The most lasting of the surreal horrors of this period in its impact was Bram Stoker’s Dracula (1897), in which evil is on the attack. In contrast, Arthur Conan Doyle’s The Hound of the Baskervilles (1902) represented the more conventional type of horror story, with a rational solution to what was a Gothic tale. Evil in that story is human, not supernatural and there was no equivalent to the author’s interest in spiritualism.

Dracula was also reminiscent of the engagement with a mysterious Continent seen in the earlier Gothic novels, in that it began in a distant and exotic part of Europe, one that involved considerable journeying. In this case, Transylvania took the place of the Catholic Mediterranean. There is frequent religious imagery in Dracula, Stoker giving evil deeds and thoughts names and in Dracula a voice.

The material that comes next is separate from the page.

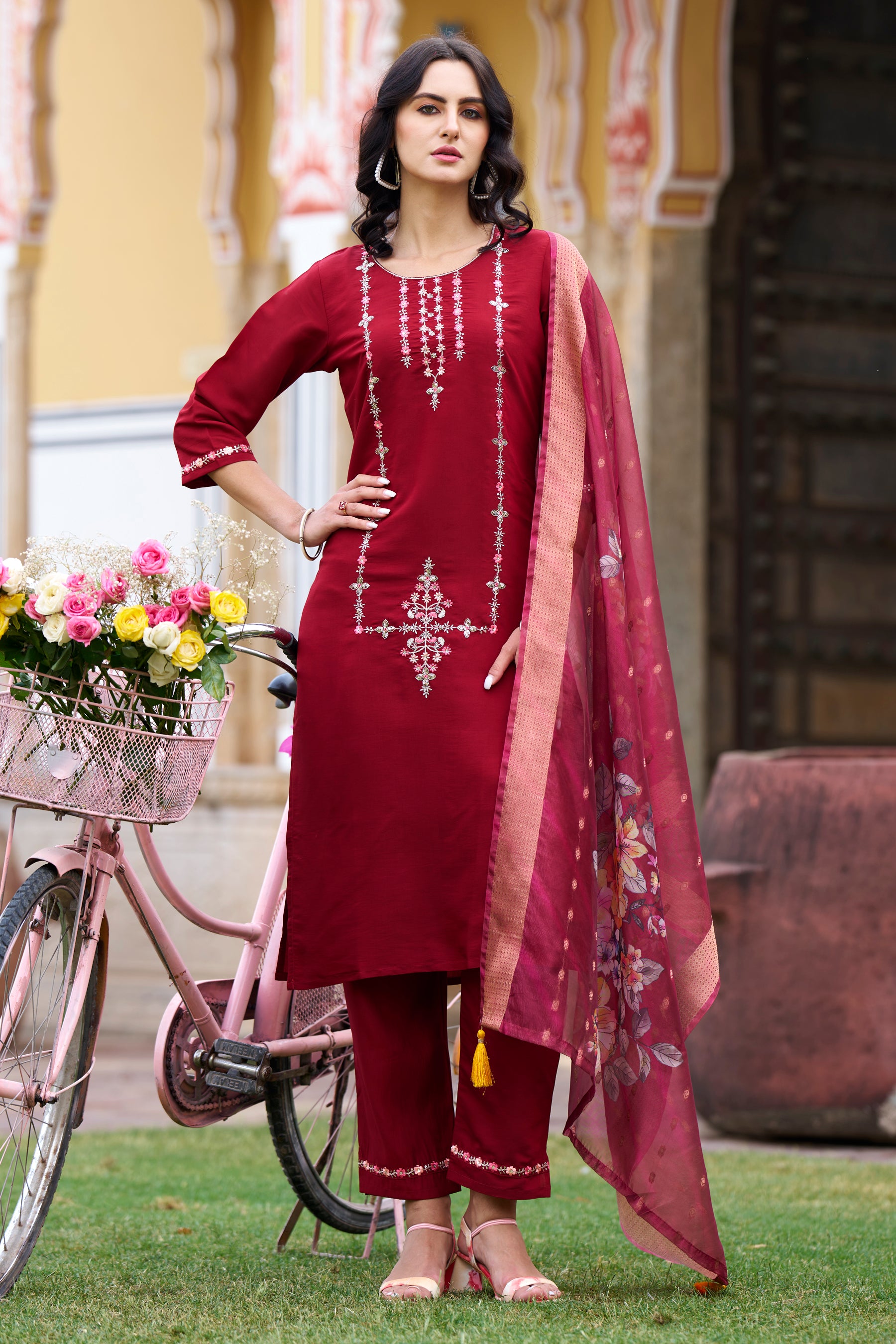 Color_Maroon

In doing so, he provided both an adventure story and a Christian message, which was the case as a whole, directly or indirectly, of the Gothic revival.

That stance may not conform to many modern understandings, and clearly much else was involved in both writing and reception, not least, in the case of Dracula, adventure and pornography. But horror was scarcely separate for a culture that saw Hell as a real presence. The Westminster Journal was not alone in 1773-4 in publishing articles on the need, in light of thunder and lightning, to contemplate the Day of Judgment and the Torments of Hell. Such beliefs continued in the nineteenth century, however much social patterns were disrupted by large-scale urbanization.

And so on with the reiterated success of fantasy in more recent culture, from JRR Tolkien’s Lord of the Rings to Philip Pullman’s His Dark Materials (1995-2000). The Gothic novel was the historical entry to this literature, one that repurposed conventional Christian accounts in order to provide a new age of nightmare. We are still in its shadows.